I am grateful for Saturday’s call on Integrity and will be revisiting it when it has been posted to the website. I am grateful for the break-out session as well. I have been considering what it means to consider the difference between a multi-sensory response of integrity vs a five sensory response of integrity. I am grateful to have listened to others share of their multi-sensory responses of integrity.

Posted 10 years ago

Hi Cindy,

I had a wonderful experience, myself. Were we in the small group together? I really enjoyed the sharing and the talking after.

I appreciate you reminding me to consider the difference between multi-sensory integrity and five sensory. Very powerful!

Posted 10 years ago

Hi Sara,

Yes, I think that we were in the small group together on Saturday’s call. I had to leave before our discussion had ended. We had been discussing diplomacy. I had some thoughts on that after leaving the call. I wonder, (and would welcome yours and others thoughts on this), if diplomacy would be considered to be a pursuit of external power as it may be pursuing to keep everyone comfortable. From what I’ve learned through this program and its books, the pursuit of authentic power is about saying from love, (and having the courage to do so), what needs to be said, or not saying what would not be coming from love. It seems to me that diplomacy may not be about that. It’s great to hear from you!

Posted 10 years ago

Hi Cindy,

I agree, if the intention is to manipulate or control, it’s external power. I do think if the intention is to create authentic power in a situation, it could potentially look like diplomacy if that’s the inspired course of action, but it always depends on the energy flowing underneath. I don’t think diplomacy in and of itself is about creating authentic power. Inherently it’s about strategy, as far as I can tell.

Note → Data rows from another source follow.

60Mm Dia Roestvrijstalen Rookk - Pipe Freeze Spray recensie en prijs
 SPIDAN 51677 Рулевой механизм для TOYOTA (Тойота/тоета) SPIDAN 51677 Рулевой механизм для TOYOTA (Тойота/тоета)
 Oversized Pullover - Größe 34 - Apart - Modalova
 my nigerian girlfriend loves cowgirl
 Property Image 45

It’s funny, I realized something along these lines one morning when I was helping my kids get ready for school. I was asking them very nicely to make their beds. And it hit me after the words came out, this was not about being supportive and present, this was an attempt to control them. Even though it looked and sounded very pleasant and nice, I was, on the inside, hoping that my asking them nicely would prompt them to do what I asked. I was not genuinely concerned with creating authentic power, in that moment. It was amazing to realize that, because it helped me understand, on a deeper level, that being nice is not the point when it comes to authentic power. It’s about so much more than that. This has taken some time for me. When I am being present and intending to come from love, I don’t care if my kids do what I ask, I’m just happy to be with them.

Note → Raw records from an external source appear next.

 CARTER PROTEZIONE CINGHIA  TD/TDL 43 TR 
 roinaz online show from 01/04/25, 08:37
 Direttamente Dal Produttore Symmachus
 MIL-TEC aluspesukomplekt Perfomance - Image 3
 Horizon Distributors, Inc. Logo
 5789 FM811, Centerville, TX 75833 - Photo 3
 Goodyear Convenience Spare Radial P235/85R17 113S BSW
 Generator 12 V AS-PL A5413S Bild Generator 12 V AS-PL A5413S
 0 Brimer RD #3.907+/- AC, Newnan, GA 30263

Lots of great stuff to play with here!

Posted 10 years ago

Thanks for sharing that Sara. It has been and continues to be a powerful practice for me in learning about my intentions as I play my roles of mother at home and boss at work. For example with my teenagers I often have fps that are attached to wanting them to do something. They swing from inferior, “oh why bother they are not going to listen anyway” to superior, “I will withhold the allowance if they don’t…” When I am conscious, my action becomes about me, and being in my integrity in that moment. For eg. I will shift my intention to gratitude and appreciation as I give the instruction and after.
Very powerful learning indeed.

Love,
Soula.

Posted 10 years ago

Soula, I love how you said, “When I am conscious, my action becomes about me, and being in my integrity in that moment.” That is so well put.

I never thought of it in the way of swinging from inferiority to superiority, and hearing it like that really resonates with me. I’m going to experiment with this more.

Much Love,
Sara

Posted 10 years ago

I really appreciate the comments from you two mothers. It’s great to read of your ways of parenting with creating authentic power as your intention. This causes me to reflect on my own relationships with my now grown children and the choices of intention that I can make to bring Love into our interactions. Thank you so much for sharing!